Assigned task — Find the line with "DECOMOMO Extra Large" in the records below. Output exactly from there until after the line with "19th Century Dutch", without pictures.

Data extract —
————
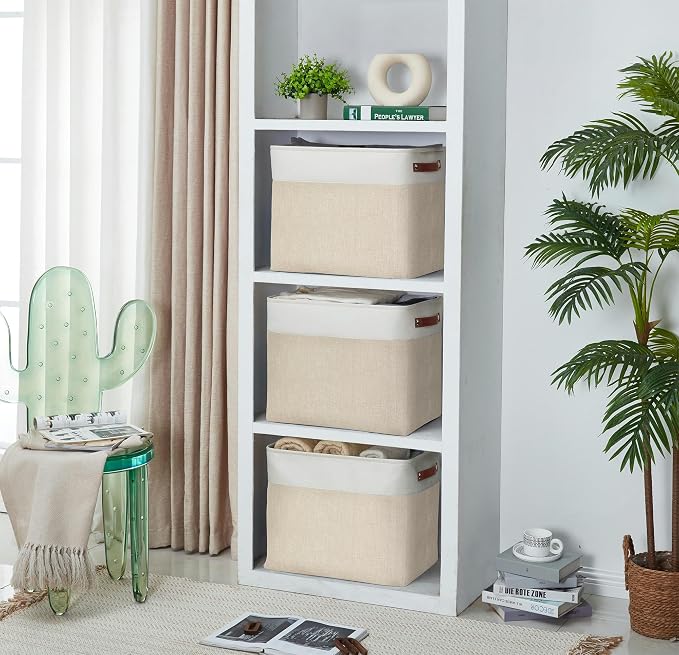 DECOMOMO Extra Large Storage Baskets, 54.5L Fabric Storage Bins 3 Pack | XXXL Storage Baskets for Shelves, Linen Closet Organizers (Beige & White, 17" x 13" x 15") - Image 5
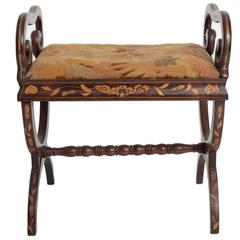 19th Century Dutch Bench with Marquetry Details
————
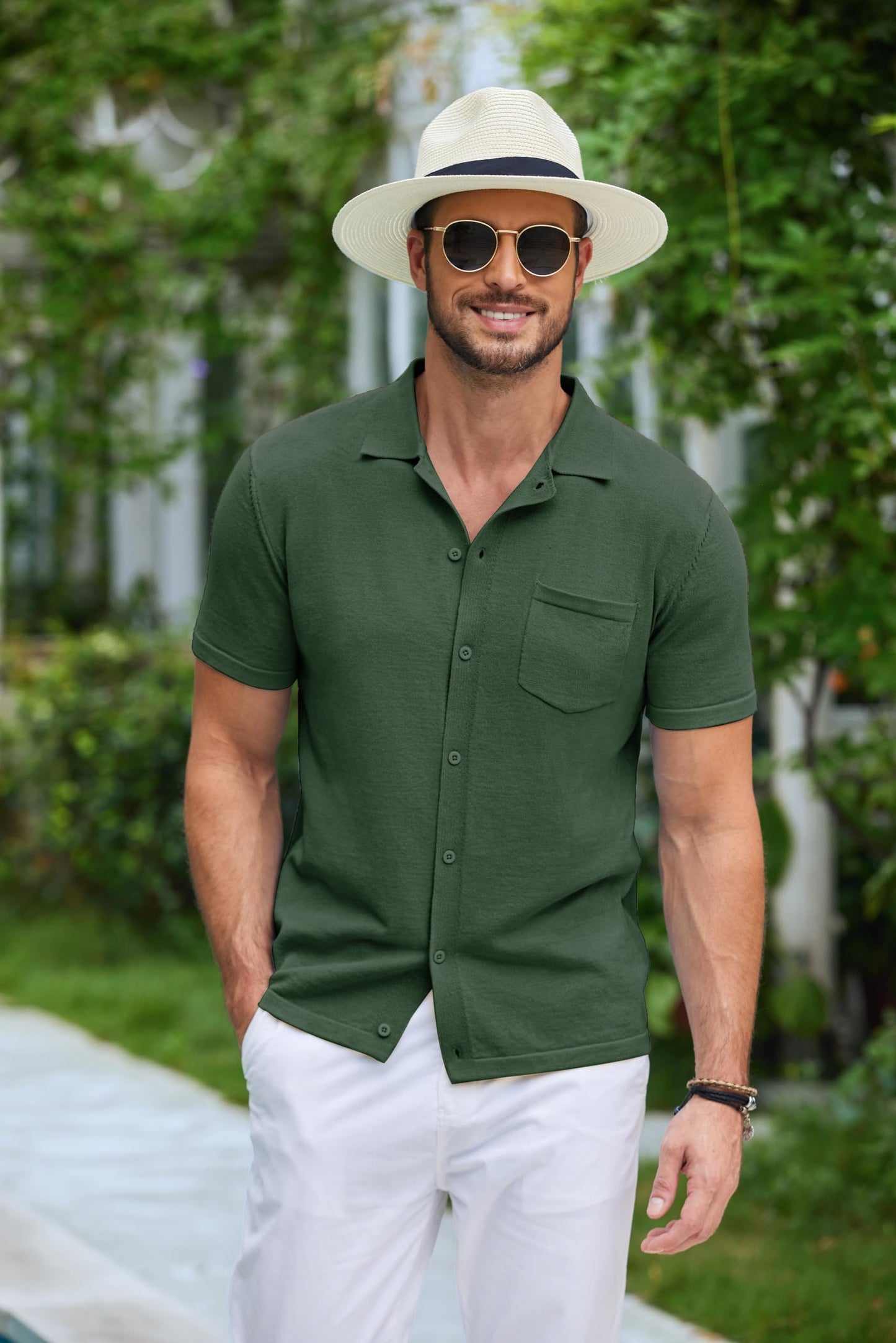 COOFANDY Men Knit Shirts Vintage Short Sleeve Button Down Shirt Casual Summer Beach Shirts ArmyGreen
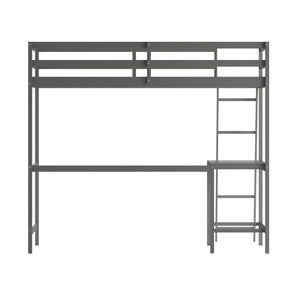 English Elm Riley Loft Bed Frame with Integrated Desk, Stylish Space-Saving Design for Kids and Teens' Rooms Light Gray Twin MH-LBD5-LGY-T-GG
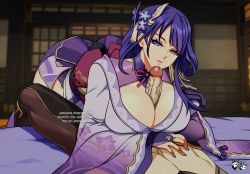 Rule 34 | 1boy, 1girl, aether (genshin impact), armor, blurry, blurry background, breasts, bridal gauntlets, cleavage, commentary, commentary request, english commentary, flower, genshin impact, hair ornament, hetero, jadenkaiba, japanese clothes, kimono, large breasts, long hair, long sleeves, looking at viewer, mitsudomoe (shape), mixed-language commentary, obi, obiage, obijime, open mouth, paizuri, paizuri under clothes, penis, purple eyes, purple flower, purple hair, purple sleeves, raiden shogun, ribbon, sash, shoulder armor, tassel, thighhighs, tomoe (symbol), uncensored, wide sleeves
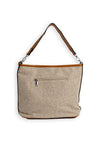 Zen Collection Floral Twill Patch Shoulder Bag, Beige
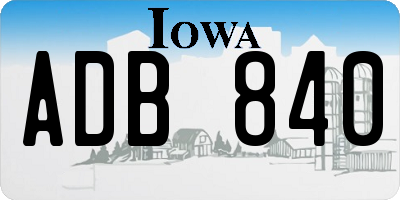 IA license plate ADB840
————
Exercise response —
 DECOMOMO Extra Large Storage Baskets, 54.5L Fabric Storage Bins 3 Pack | XXXL Storage Baskets for Shelves, Linen Closet Organizers (Beige & White, 17" x 13" x 15") - Image 5
 19th Century Dutch Bench with Marquetry Details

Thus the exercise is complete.